Behind the scenes of the British Library digital newspaper project

By Sooraj Shah
18 Jan 2012 View Comments
A stack of newspapers

Online publisher Brightsolid has worked with IBM to digitise four million pages of the British Library's historical newspaper collection for online access as part of a 10-year big data analytics project that could cost Brightsolid millions of pounds.

The online publisher was selected by the British Library in April 2010 to digitise the newspapers and it launched the British Newspaper Archive website in November 2011. Brightsolid is investing the money because it will see a finanancial return from payments for access to the digital content.

"We selected Brightsolid as part of an open tendering process because of its track record in conducting similar projects and because it works with enterprise-level workloads regularly," said Nick Townend, digital operations manager at the British Library.

Further reading

Brightsolid was involved in digitising the 1911 Census for England and Wales.

"Brightsolid also uses OCR (optical character recognition) text recognition software and DocWorks for its workflow engine which we preferred," he continued.
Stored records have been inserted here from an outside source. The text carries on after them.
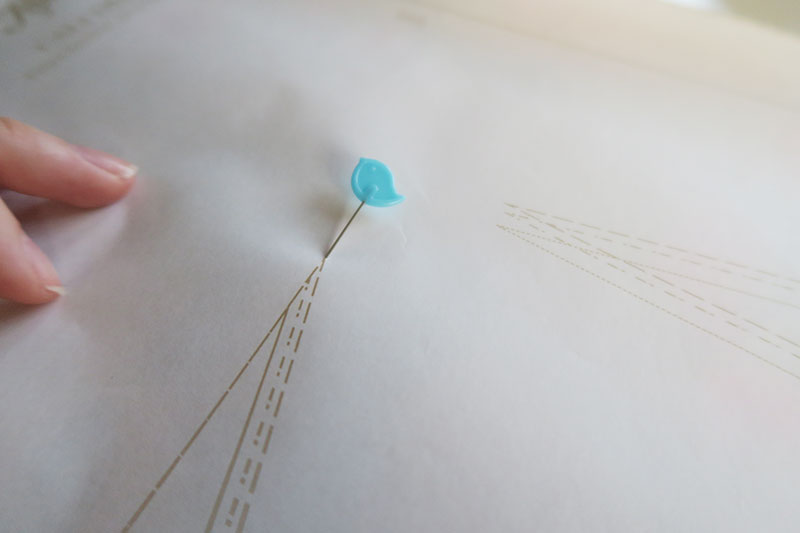 Indicate the top of the dart with a pin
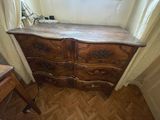 a wooden dresser in the corner of a room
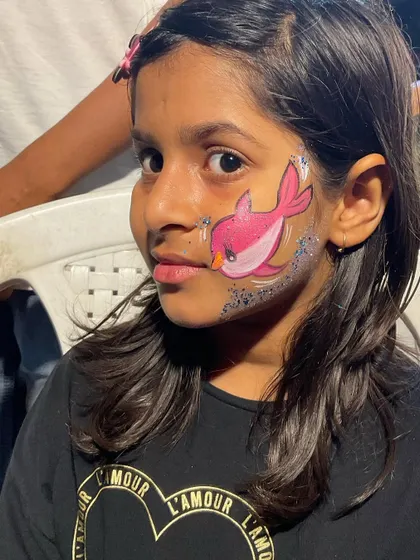 The finished pink dolphin design, looking super cute and ready for a party.
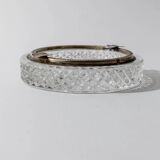 Vintage crystal glass ashtray from the 1920s, silver-edged with a textured pattern, Art Deco table decoration.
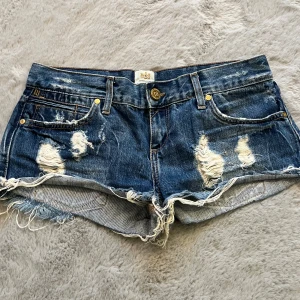Lågmidjade jeans shorts - As snygga jeans shorts med låg midja och slitningar. Midjemått tvärs över: 41 cm💞💞💞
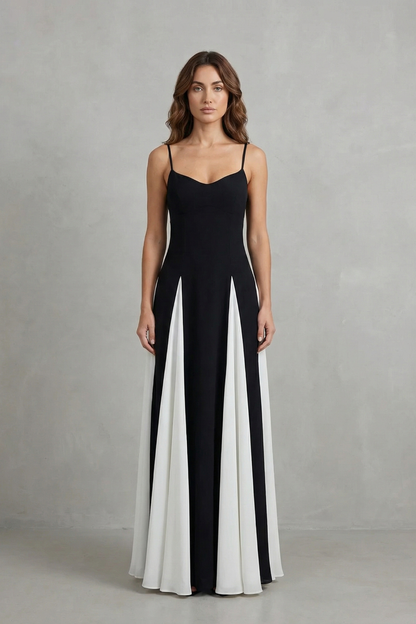 Front view of a women's elegant black and white maxi dress, featuring a sweetheart neck and flowing skirt panels.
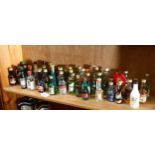 A large collection of miniatures, to include Maraschino, Calisay, Bombay Dry Gin, Royal French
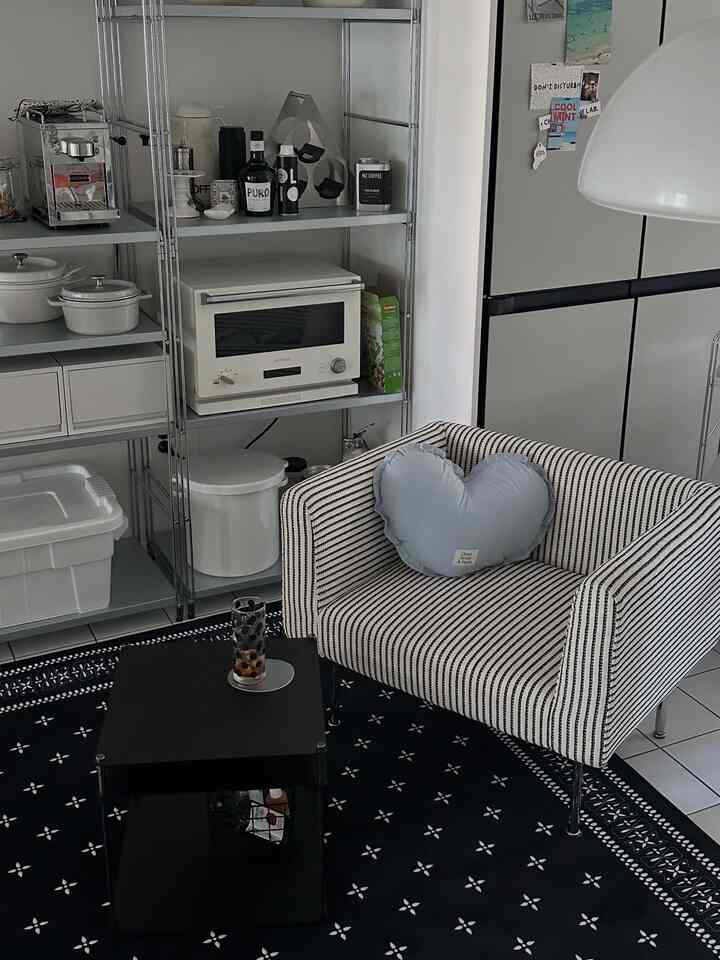 白と黒の色調のキッチンとソファが置かれたコンパクトなワンルーム、すっきりとしたモダンな雰囲気のインテリア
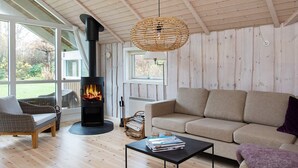 Ein gemütliches Wohnzimmer mit Kaminofen, Korbmöbeln und Blick ins Freie.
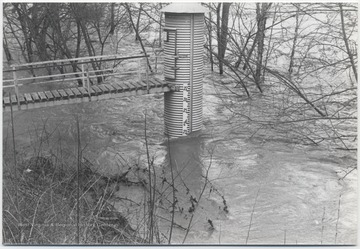 Gauge at the Willowood Bridge is pictured with water at the "23" mark, probably measuring in feet.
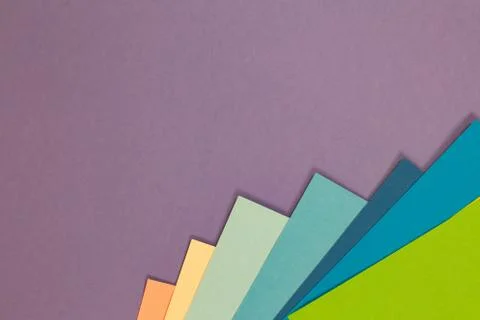 Sheets of colored paper. Many colored sheets of paper are laid out in the har Stock Photos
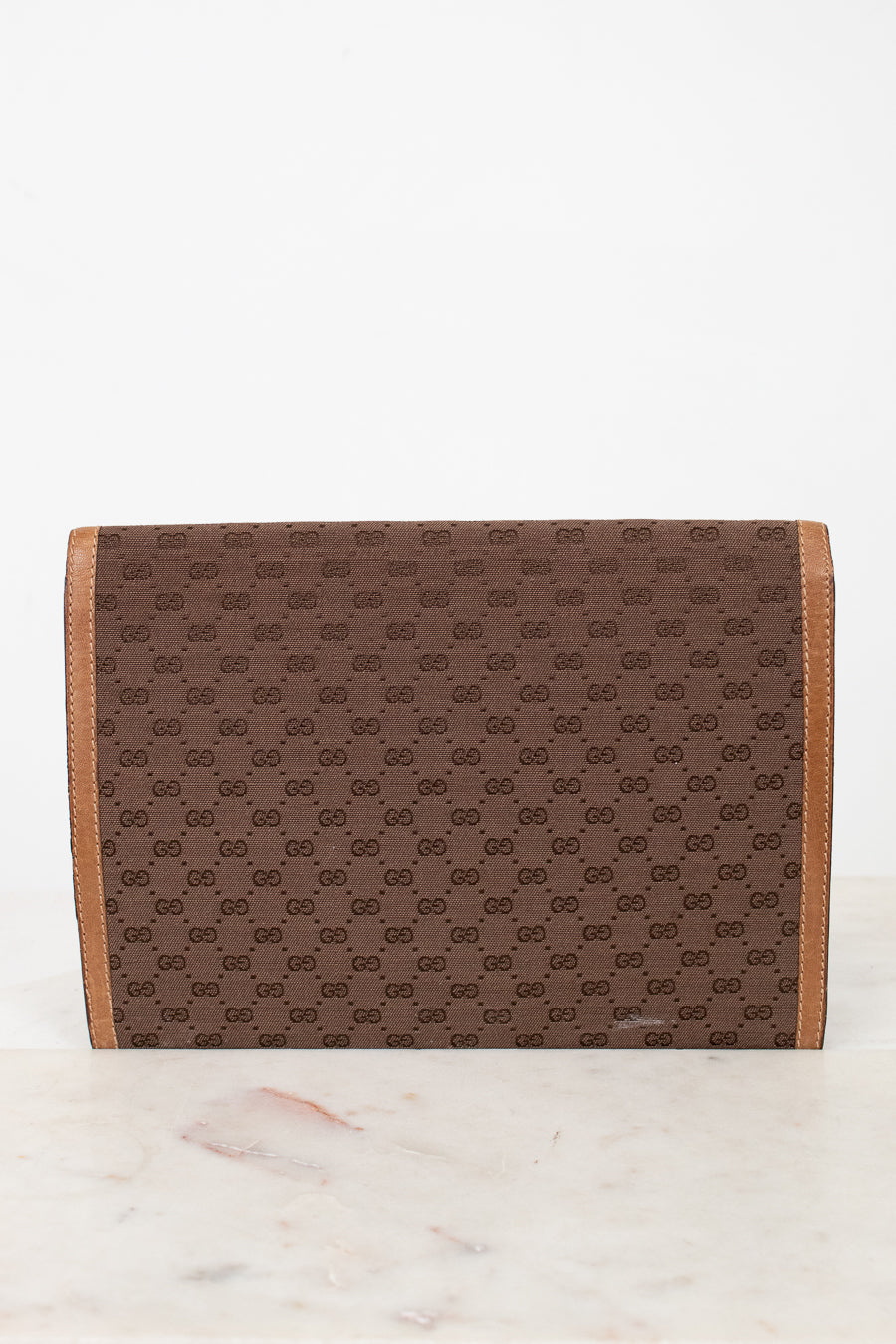 Brown Gucci monogram clutch purse with faint scratch on a white marble surface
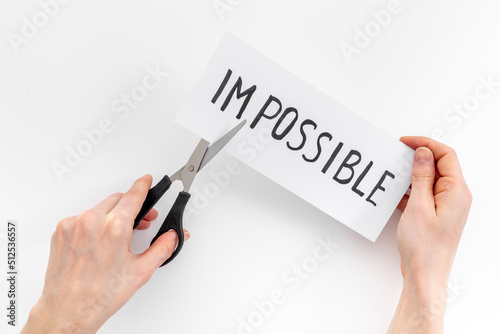 Plakat Hands changing word impossible to possible with scissors. Selfmade concept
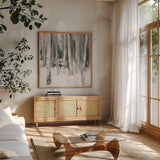 Winter Woods II Neutral by Julia Purinton. Shown in a natural wood frame in a cozy modern living room. Available as an archival giclee rolled canvas, fine art paper, or poster print. SKU 77160a.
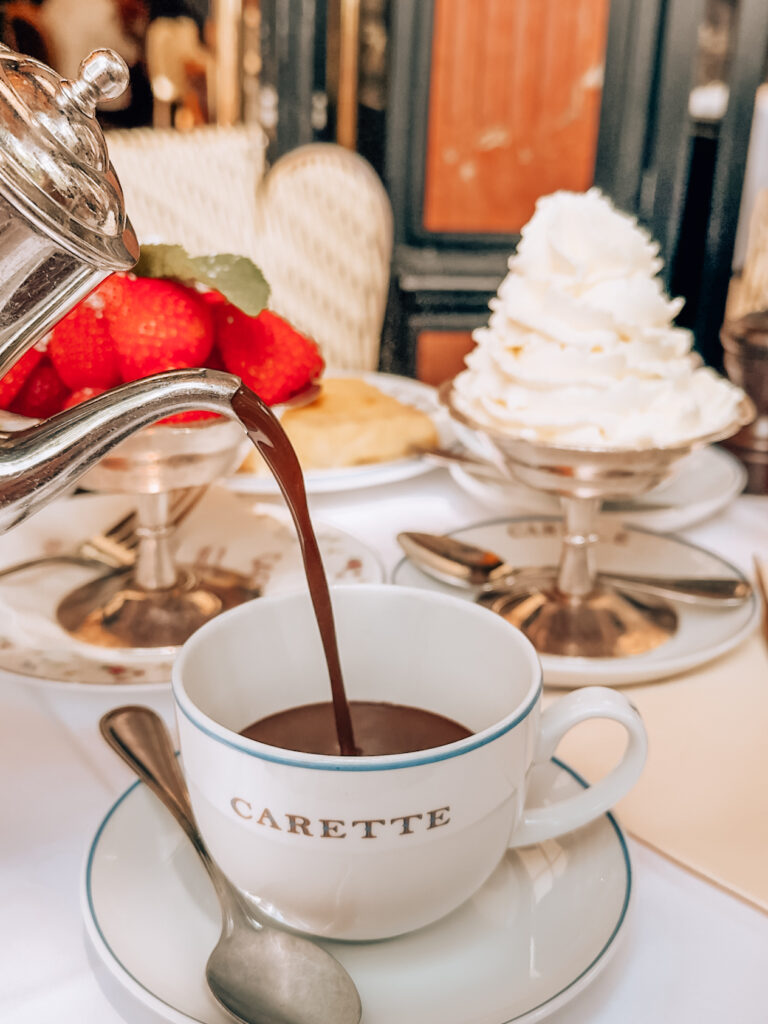 A pot of thick hot chocolate being poured into a Carette-branded cup, with strawberries, whipped cream, and elegant Parisian tableware in the background.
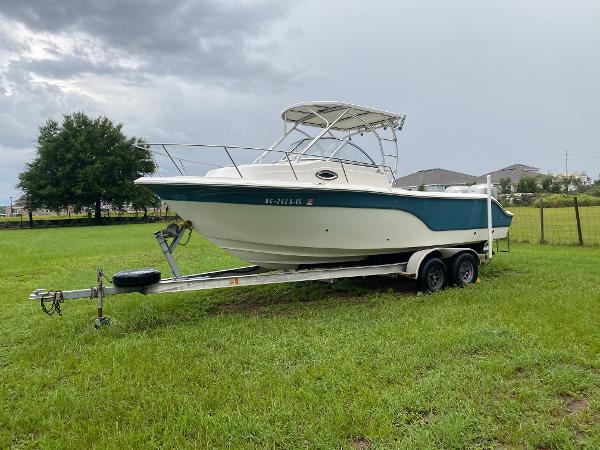 2008 Sea Fox 236WA Pro Series boat on a trailer in a grassy field.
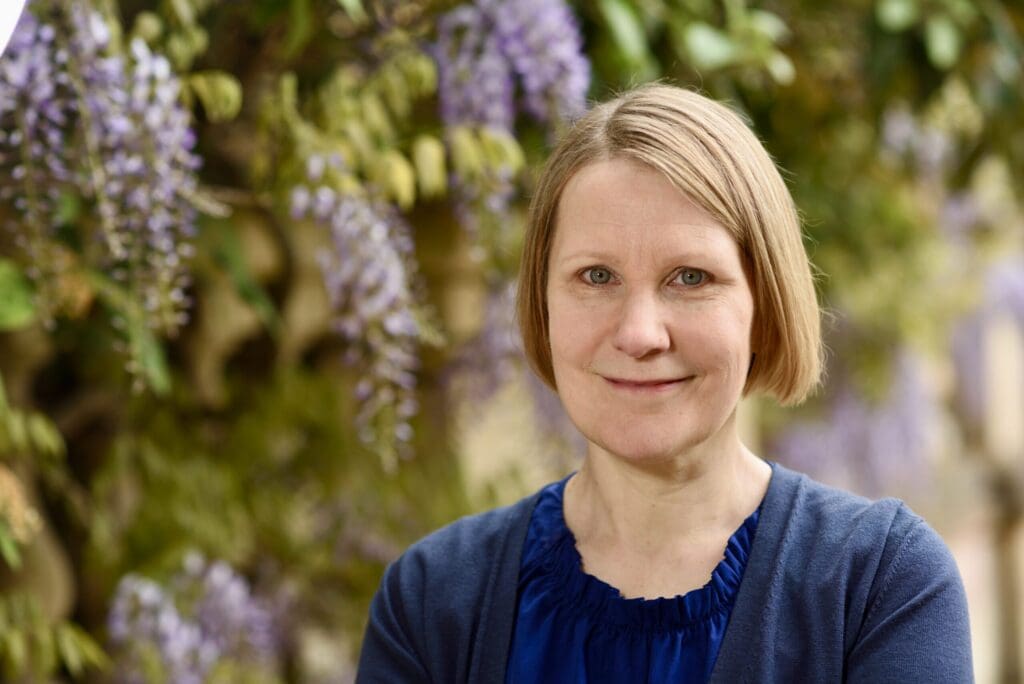 A person with short blond hair and a blue blouse smiles while standing outdoors in front of blooming lavender wisteria vines. The background is softly focused, highlighting the flowers and leafy greenery.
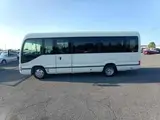 2026 Toyota Coaster GX White Van for sale, Japanese used car export - photo 4 of 10 | GULJI TRADERS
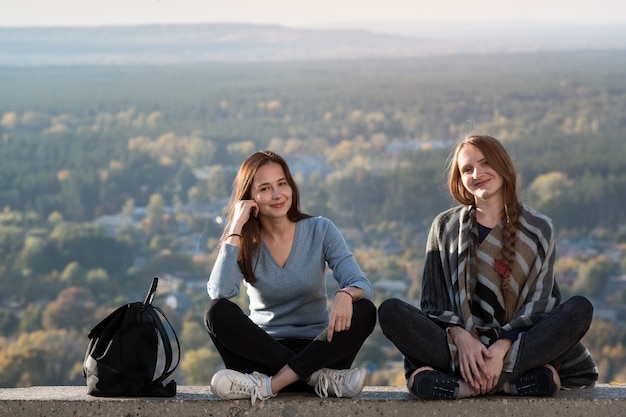 Zwei glückliche Mädchen, die auf a der Natur sitzen. Bleiben Sie mit einem Freund, Ferien Urlaub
IBM provided the virtualised HS22 Blade platform, which Townend said was chosen for its reliability and energy efficiency.

The intial scanning is taking place in Colindale, London and the data is transferred to Brightsolid's data centres in Dundee, where the digital archive is hosted.

Brightsolid is funding part of the scanning process which costs around £1 per page.

"We cover 40 million pages. A £40 million investment would not have been feasible for the British Library; Brightsolid's investment was essential," Townend said.

Brightsolid generates revenue from the pay-per-view and subscription options offered online, such as the 12-month subscription costing £79.95 for unlimited access.

For copyrighted material, Brightsolid gains permission to scan the material from the rights holders, who are in turn remunerated. The British Library receives a royalty on material that is out of copyright.

Townend said that the biggest challenge for Brightsolid was to create a web solution that could cope with peaks in demand from the launch date onwards. The launch on 29 November saw 1.2 million searches across the 4 million pages.

Malcolm Dobson, CTO at Brightsolid, explained that to ensure that the website could cope, Brightsolid and the British Library had to agree on the demand expected from the launch.

"Using our knowledge from the Census project, we projected what we thought the peak traffic would be and peak searches per second with the British Library and wrote a test plan.

"We had to decide what the optimal server configuration was going to be and then attempted to deliver those things using a set of tests," he said.

The scanning process began in January 2011, with a website-testing period starting from late summer until the launch in November.

Dobson went on to say that the bandwidth also had to be considered to enable the website to function during peak demand.

"We used the Microsoft Deep Zoom image tiling system, which allows you to look at different resolution levels of an image and at individual tiles or more detailed resolutions as you zoom in.

"So it is much faster and responsive and, ultimately, saves bandwidth, but we needed an efficient tiling system, otherwise image loading times would have been unreasonable."

"We also split infrastructure across two physical sites to ensure that we had excess of 1 gigabyte per second of bandwidth for our site to launch," he said.

Brightsolid said that the second phase of the project has already started and will see a further 36 million pages made available over the next nine years.

Commenting on the British Library's future plans, Townend said: "The library is exploring radio and other digital content for the archive website. We are also looking to archive the entire UK web domain and are running some trials for this."